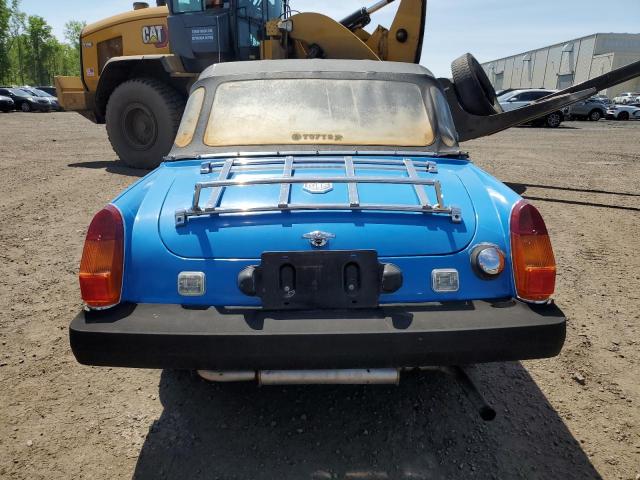 1979 Mg Midget VIN: GAN6UL223520G Lot: 55516374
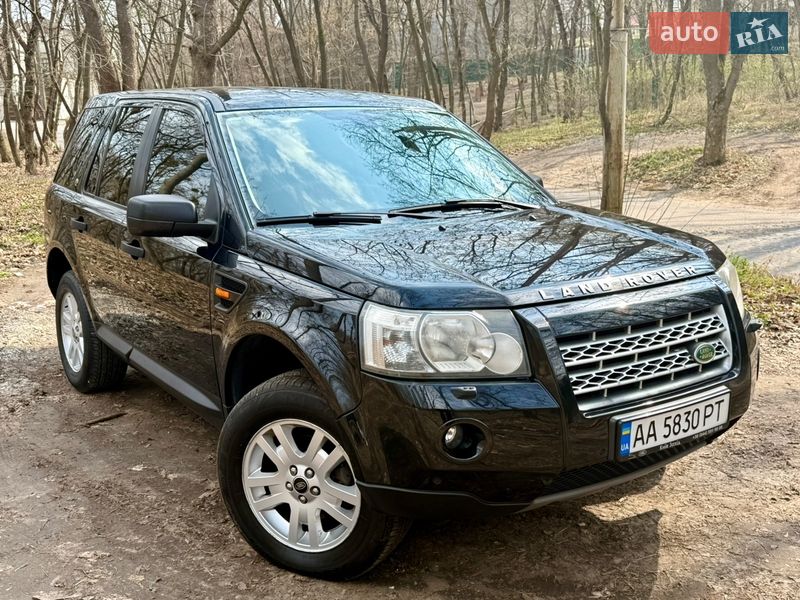Внедорожник / Кроссовер Land Rover Freelander 2008 в Киеве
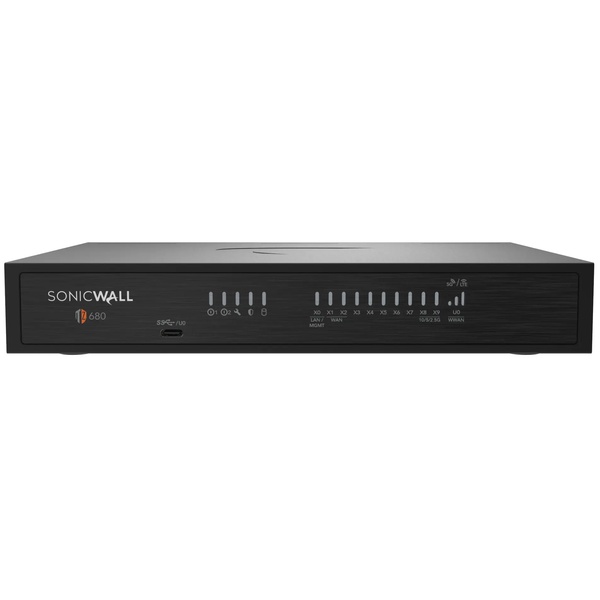 SONICWALL TZ680 JPN HIGH AVAILABILITY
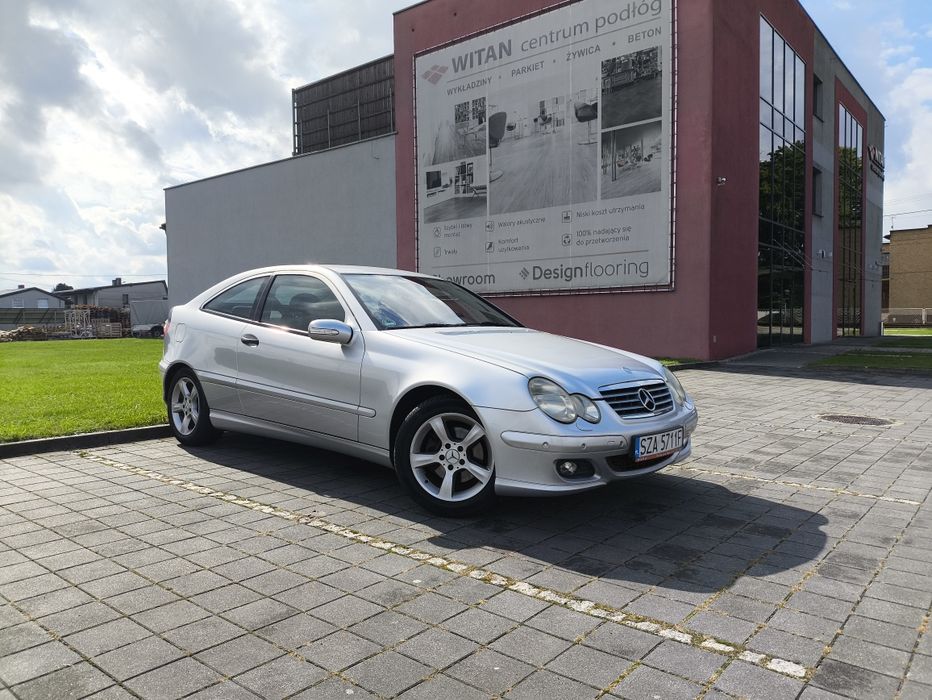 Mercedes C180 Kompressor 1.8 143 KM | Po serwisie | Alufelgi | OC do grudnia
-.-.-
- Problem statement:
Return exactly the lines from the line with "SONICWALL TZ680 JPN HIGH AVAILABILITY" through the last line of the data above, both included; pictures do not go in the answer.

- Response area:
 SONICWALL TZ680 JPN HIGH AVAILABILITY
 Mercedes C180 Kompressor 1.8 143 KM | Po serwisie | Alufelgi | OC do grudnia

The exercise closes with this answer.